— Celebrating the United Nations’ contributions to Liberia’s post-war recovery
It is quite ironic that, as the United Nations (UN) celebrates its 78th anniversary today, October 24, under the theme: “Equality, Freedom and Justice for All”, Liberia is in the process of choosing its corps of leaders — president and legislators — to steer the ship of state for the next six years. Politics aside, the timing could not be more propitious given that, as a nation, we would not be where we are today, if not for God first — and the UN.
Liberia has a long and complex history, marked by both periods of peace and prosperity, as well as conflict and instability. We are all too familiar with the civil war, which began in 1989 and lasted for 14 years, left the country in ruins and an estimated 250,000 people killed, with millions more displaced.
It wasn’t until 2003, that the United Nations Security Council established the United Nations Mission in Liberia (UNMIL) to help the country transition to peace and democracy. UNMIL’s mandate included supporting the Liberian government in its efforts to disarm, demobilize, and reintegrate ex-combatants; reform the security sector; establish a rule of law; and conduct free and fair elections.

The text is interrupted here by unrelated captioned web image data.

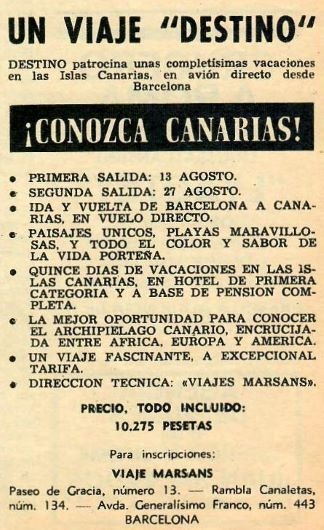 Viaje 'Destino' amb Viajes Marsans - ¡Conozca Canarias!, anunci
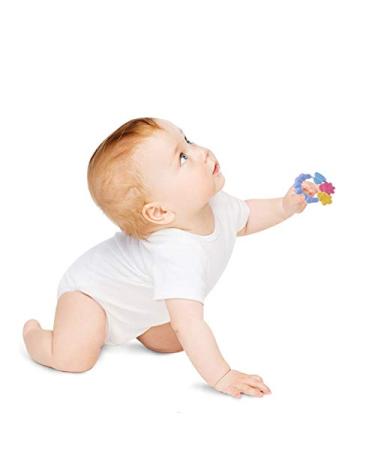 Greatangle-UK Baby Child Toddler Teether Molar Rod Chew Toy Silicone Hand Bell Jingle Design Green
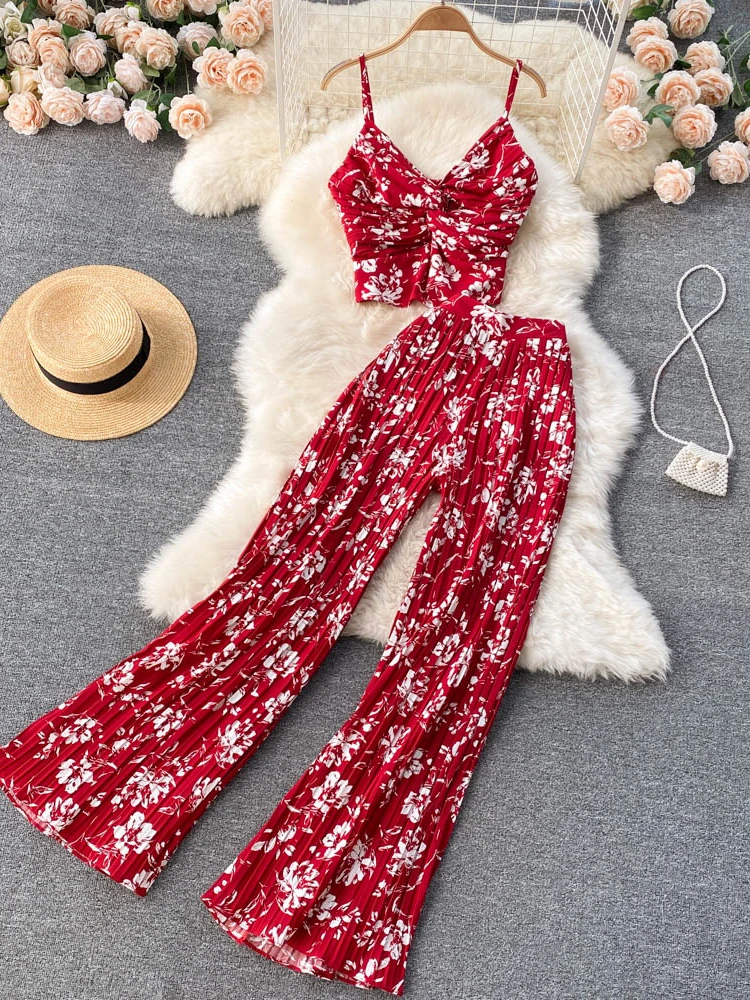 Women Summer Casual Pants Suit 2 Piece Set Female Floral Print Sleeveless Top & Wide Leg Pants Female Fashion Outfit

UNMIL deployed over 15,000 troops and police officers to Liberia, and played a critical role in helping the country to stabilize. The mission also provided significant support to the Liberian government in its efforts to rebuild the country’s infrastructure and institutions.
In 2018, UNMIL withdrew from Liberia after 15 years, having successfully completed its mandate. The country has since held three peaceful presidential and legislative elections, and has made significant progress in rebuilding its economy and social services.
And even after UNMIL’s 15 years, plus the extra five years up to now, Liberia’s peace has been tested severely and shown that, in spite of serious divisions among our people along tribal, political and even socio-economic lines, Liberians have resolved to never return to war.
The challenges of poverty, corruption, and high unemployment also remain as do Liberia’s vulnerability to climate change and other external shocks.
These are growing pains, but we are getting there.
Meanwhile, the United Nations continues to support Liberia in its efforts to sustain democracy and the rule of law. The UN Country Team in Liberia is working with the government and other partners to implement the Sustainable Development Goals (SDGs), which aim to create a more peaceful, just, and sustainable world for all.
In hindsight, Liberia has been like a child learning to ride a new bicycle. At first, the child needed the help of an experienced rider — and a pair of training wheels — to hold the bike steady so that the child does not fall and get hurt.
All the training and support from the United Nations and other development partners were part of the confidence-building mechanism to prepare us for the moment when we would be able to manage our national institutions, as well as economic, security and social structures, increasingly without being hand-held.
Now, the key challenge, it seems, is how well we are able to transition through our democratic cycles without the state falling apart again.
However, we are also at the point that, if we happen to have doubts about which direction to take as a nation, we have our constitution. The values of “Equality, Freedom, and Justice for All” which are enshrined therein, are the foundation of Liberia’s democracy and are essential for building a just and equitable society.
Equality means that all Liberians are created equal and have the same rights and opportunities, regardless of their gender, ethnicity, religion, or social status. Freedom means that all Liberians have the right to live their lives free from fear and oppression. Justice means that all Liberians have the right to be treated fairly and to have access to justice.
These 2023 elections are an opportunity for Liberians to put these values into practice. They are an opportunity to choose leaders who will uphold these values and who will work to build a better future for all Liberians.
This is the moment to show the United Nations — and all our international partners who are cheering us on from the sidelines — that all their hard work and commitment and resources provided us over the years to help us get thus far, shall not be in vain.
We still have higher heights to climb, but we need a change of mindset, of speech and, therefore, our way of doing things.
An old African proverb goes: “The bird that flies the highest is the one that fears the ground the least.”
However, most of our people still go by the mindset that: “He who is down fears no fall.”
Should we continue to be down, expecting to potentially fall, or should we aspire to soar and defy our fear of falling?
To our UN partners, happy birthday, yaaaa! Thank you for all you do. God bless you!